Begehbare Wendejacke
Inside-Out-Effekt: Umbau eines Renaissance-Klosters in der italienischen Kleinstadt Gonzaga.
Wie Renaissance und Gegenwart in Verbindung treten, zeigt der Umbau eines früheren Klosters in der italienischen Kleinstadt Gonzaga. Unter der Federführung des Büros LR Architetti wurden die bestehenden Räume behutsam an zeitgemäße Bedürfnisse des heutigen Ausstellungs- und Verstaltungsortes angepasst, während ein baufälliges Treppenhaus durch einen zeitgenössischen Bau ersetzt wurde. Außen Ziegel, innen Beton.
Die Spuren der Zeit sind am Kloster Santa Maria in Gonzaga deutlich zu erkennen.
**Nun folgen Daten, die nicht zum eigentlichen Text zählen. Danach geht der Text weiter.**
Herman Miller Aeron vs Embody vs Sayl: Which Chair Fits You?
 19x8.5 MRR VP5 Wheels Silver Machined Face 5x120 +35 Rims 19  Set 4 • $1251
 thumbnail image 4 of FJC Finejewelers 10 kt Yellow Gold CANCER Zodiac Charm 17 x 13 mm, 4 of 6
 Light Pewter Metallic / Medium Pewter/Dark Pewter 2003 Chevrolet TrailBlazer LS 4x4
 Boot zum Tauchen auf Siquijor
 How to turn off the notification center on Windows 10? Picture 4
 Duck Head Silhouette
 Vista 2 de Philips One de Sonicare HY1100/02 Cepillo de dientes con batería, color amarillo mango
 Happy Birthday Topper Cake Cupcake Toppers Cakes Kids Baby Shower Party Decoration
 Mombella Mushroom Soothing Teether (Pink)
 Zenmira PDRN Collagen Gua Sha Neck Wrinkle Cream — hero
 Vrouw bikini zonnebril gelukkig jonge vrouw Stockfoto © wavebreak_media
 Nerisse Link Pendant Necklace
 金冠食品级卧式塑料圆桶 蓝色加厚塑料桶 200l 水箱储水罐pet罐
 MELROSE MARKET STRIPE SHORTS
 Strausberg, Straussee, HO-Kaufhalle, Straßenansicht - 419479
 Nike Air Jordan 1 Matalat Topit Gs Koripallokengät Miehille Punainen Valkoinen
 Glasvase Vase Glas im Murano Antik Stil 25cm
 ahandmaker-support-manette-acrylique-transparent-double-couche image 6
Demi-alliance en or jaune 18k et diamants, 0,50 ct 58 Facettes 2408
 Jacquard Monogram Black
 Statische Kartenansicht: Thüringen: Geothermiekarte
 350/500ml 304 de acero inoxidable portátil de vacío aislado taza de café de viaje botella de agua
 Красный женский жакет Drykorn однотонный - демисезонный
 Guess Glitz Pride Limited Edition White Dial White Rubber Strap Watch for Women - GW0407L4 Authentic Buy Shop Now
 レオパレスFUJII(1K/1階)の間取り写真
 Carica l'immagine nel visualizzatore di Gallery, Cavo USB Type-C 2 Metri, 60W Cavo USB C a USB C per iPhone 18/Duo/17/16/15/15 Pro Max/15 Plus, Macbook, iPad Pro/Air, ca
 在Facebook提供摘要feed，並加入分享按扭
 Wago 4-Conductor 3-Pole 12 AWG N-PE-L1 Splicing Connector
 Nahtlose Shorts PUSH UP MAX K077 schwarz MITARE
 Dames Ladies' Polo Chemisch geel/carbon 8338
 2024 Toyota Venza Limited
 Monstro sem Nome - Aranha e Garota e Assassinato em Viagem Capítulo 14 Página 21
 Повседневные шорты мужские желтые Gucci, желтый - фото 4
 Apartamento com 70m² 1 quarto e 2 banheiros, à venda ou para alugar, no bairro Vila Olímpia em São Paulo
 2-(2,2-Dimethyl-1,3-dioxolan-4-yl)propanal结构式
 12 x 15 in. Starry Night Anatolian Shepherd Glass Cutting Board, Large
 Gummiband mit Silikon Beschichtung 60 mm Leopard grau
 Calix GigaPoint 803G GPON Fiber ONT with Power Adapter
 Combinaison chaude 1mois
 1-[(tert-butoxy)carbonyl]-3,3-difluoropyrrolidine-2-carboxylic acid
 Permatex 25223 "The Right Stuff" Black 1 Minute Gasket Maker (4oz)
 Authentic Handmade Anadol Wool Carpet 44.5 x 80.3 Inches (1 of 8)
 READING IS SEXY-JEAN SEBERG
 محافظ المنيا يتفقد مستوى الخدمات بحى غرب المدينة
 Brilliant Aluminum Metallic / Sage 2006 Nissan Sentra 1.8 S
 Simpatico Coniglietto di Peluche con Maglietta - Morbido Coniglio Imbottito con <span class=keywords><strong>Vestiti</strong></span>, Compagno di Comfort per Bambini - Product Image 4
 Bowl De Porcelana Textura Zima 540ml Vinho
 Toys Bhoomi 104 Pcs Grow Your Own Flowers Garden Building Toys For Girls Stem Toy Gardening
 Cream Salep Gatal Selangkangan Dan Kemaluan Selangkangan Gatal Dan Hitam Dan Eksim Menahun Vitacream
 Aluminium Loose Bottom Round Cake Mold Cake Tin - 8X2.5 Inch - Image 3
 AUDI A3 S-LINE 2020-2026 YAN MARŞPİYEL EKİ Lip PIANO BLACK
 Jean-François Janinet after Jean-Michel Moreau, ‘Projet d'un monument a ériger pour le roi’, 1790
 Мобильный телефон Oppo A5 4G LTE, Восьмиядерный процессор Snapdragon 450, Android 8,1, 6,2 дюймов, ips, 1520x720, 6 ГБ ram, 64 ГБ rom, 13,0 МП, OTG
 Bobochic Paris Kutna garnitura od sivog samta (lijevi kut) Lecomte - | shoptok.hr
Der 1490 nahe der Ruinen einer römischen Villa errichtete Bau erlebte immer wieder Phasen des Wachstums und des Niedergangs. Schon im späten 16. Jahrhundert zogen sich die Mönche der Eremiten-Bruderschaft zurück und überließ den Komplex dem Marquis Luigi Gonzaga als Wohnhaus. Später ging es in den Besitz der Gemeinde über und diente als Sitz der Stadtbibliothek sowie als Veranstaltungsort mit Ausstellungen und Konzerten für die Region.
Adaption des Vorhandenen
Weil ein Teil des Nordflügels baufällig geworden war und das zentrale Treppenhaus gesperrt werden musste, entfiel die bisherige Nutzung des Obergeschosses. Genau an dieser Stelle kamen nun die Architekten Sara Lonardi und Enrico Maria Raschi vom Büro LR Architetti ins Spiel, die 2010 den Wettbewerb zur Neugestaltung des früheren Klosters für sich entscheiden konnten. Den sichtbarsten Teil ihres Eingriffs markiert das neue Treppenhaus, das seinen baufälligen Vorgänger am Nordflügel des Klosters ersetzt. Bei der Fassadengestaltung setzte das Architektenduo aus Mantua auf ein bewährtes wie wirkungsvolles Prinzip: Sie „durchbohrten“ das massive Backstein-Volumen mit drei präzise gesetzten Öffnungen, die den Rhythmus der vorhandenen Substanz weiterführen, ohne sich ihr anzubiedern.
Inside-Out-Effekt
Die neue Eingangstür sowie das Fenster im Obergeschoss sind in ihrer Höhe exakt an die Pendants des Altbaus angepasst worden. Lediglich in der Breite wurden die Proportionen etwas gestreckt, sodass ein formaler Übergang zum zweiten Fenster auf halber Höhe des Anbaus entsteht. Dieses Fenster vollzieht einen „Knick“ um die Ecke und gibt durch seine geweitete Glasfront einen Blick ins Innere frei. Die Architekten überraschen an dieser Stelle mit einer Umkehrung der Materialität.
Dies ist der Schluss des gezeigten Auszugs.